Volume 6, Issue 5, September 2017, Page: 221-227
Estimating the Context Effect in a Multilevel Latent Model with Small Sample Sizes: A Monte Carlo Simulation Study
Miao Gao, College of Education, Nanjing Normal University, Nanjing, China
Received: Aug. 3, 2017;       Accepted: Aug. 11, 2017;       Published: Sep. 4, 2017
DOI: 10.11648/j.ajtas.20170605.11      View  2249      Downloads  93
In multilevel modeling, the relationships between the criterion and predictors are investigated at different levels. Often, the cluster-level predictors are measured by aggregating the individual-level measures. However, the aggregated cluster-level predictors do not always reliably measure the cluster-level regression coefficient, and therefore the context coefficient.

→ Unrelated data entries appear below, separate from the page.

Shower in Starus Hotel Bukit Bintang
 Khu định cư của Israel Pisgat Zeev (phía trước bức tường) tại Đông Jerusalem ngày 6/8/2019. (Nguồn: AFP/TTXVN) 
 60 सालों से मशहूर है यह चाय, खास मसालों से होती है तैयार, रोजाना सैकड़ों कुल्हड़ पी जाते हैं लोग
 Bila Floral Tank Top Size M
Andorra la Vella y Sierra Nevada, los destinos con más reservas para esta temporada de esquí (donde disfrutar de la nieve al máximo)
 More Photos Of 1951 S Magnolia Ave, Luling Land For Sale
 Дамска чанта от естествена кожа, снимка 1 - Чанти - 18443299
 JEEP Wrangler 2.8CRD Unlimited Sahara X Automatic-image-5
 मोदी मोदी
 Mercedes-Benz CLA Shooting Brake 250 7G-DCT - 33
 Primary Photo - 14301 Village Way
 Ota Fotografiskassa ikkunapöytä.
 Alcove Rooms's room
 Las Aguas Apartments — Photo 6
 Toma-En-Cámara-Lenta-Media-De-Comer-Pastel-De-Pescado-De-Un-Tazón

This study investigates an alternative approach: estimating cluster-level predictor on the latent cluster mean by using multilevel latent. A comparison is made of the accuracy of the context coefficient and standard error under a wide range of conditions. Results reveal that bias for context effect is small in multilevel latent model. Maximum likelihood (ML) estimator yields more accurate standard error estimation than robust maximum likelihood (MLR) when cluster number is small (less than 50). Very small cluster sample sizes (less than 10) should be avoided because they lack power and empirical sampling variance.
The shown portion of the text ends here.